Task details: Reproduce word for word every line from the one containing "Smith Womens Red" to the final line of the data below; omit the pictures.

##### Input data #####

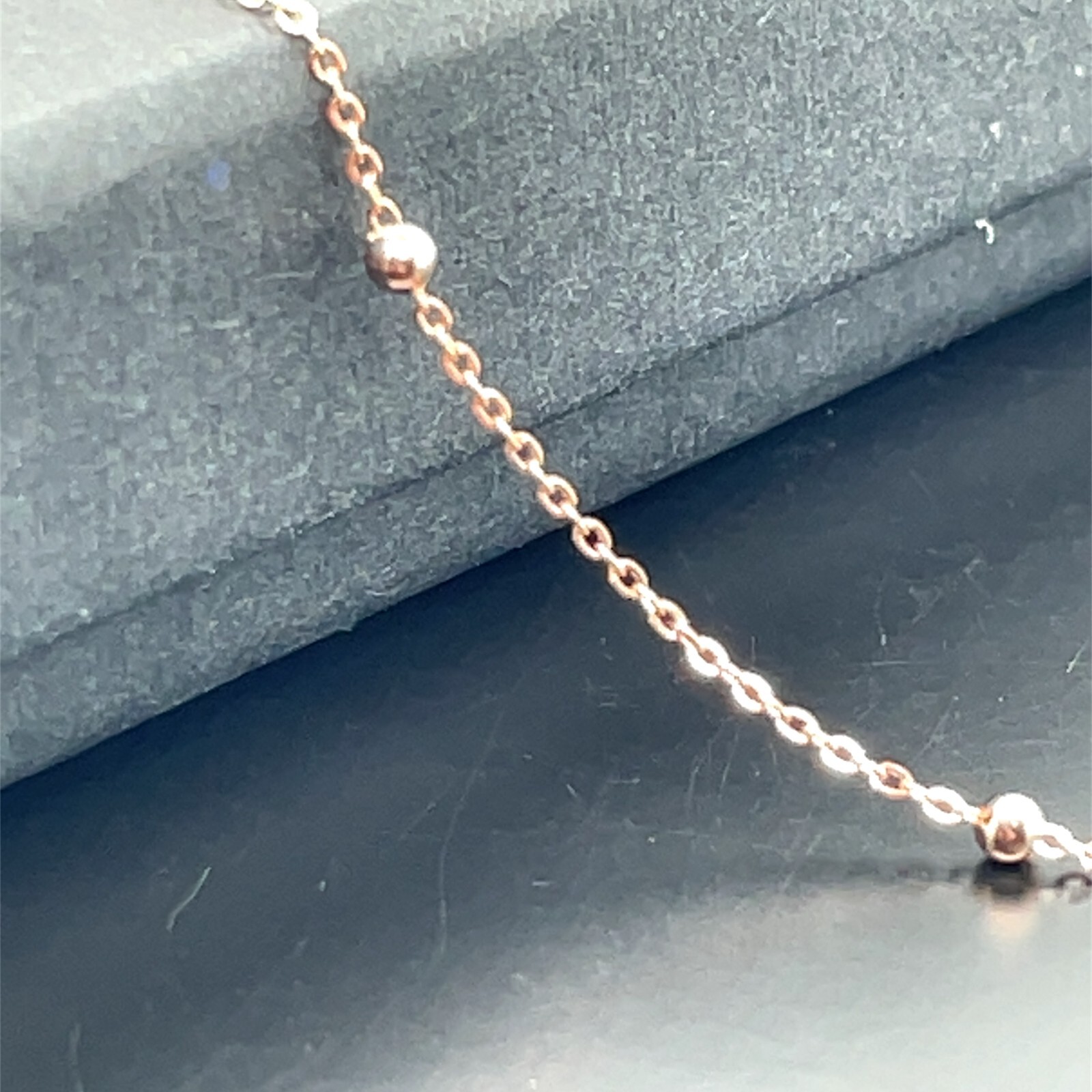 9ct Rose Gold Flat Trace Bead Chain Necklace 2mm Ladies Womens 16 18 20 22 24″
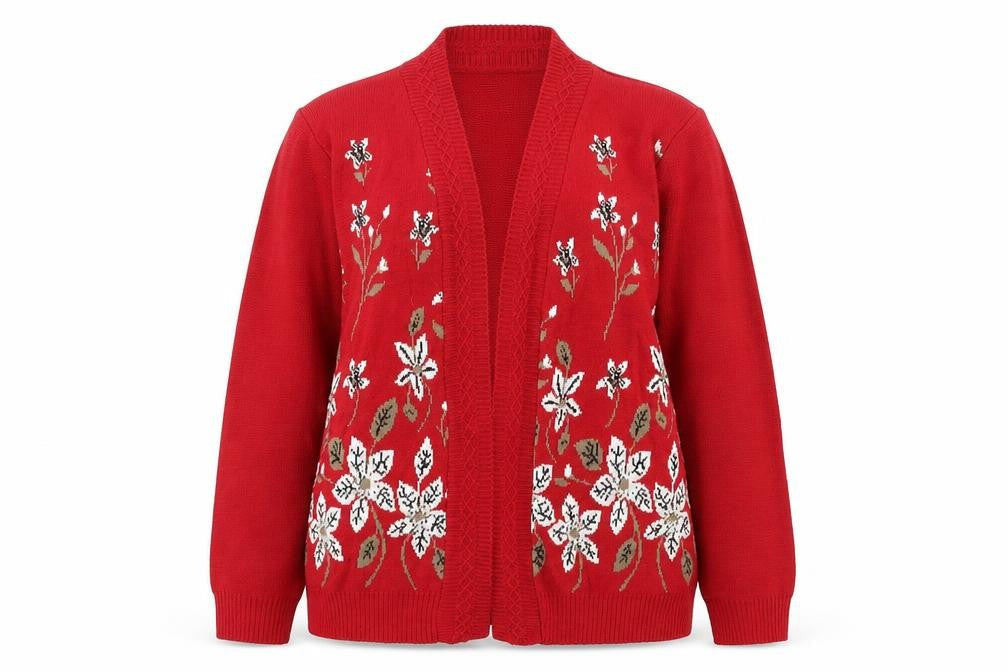 Smith Womens Red Scoop Neck Floral Acrylic Pullover Jumper Size S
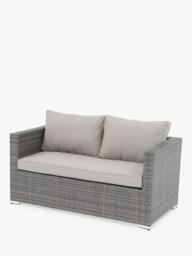 John Lewis Alora Woven Rattan 2-Seater Garden Sofa, Grey - thumbnail 2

#####

Expected answer:
 Smith Womens Red Scoop Neck Floral Acrylic Pullover Jumper Size S
 John Lewis Alora Woven Rattan 2-Seater Garden Sofa, Grey - thumbnail 2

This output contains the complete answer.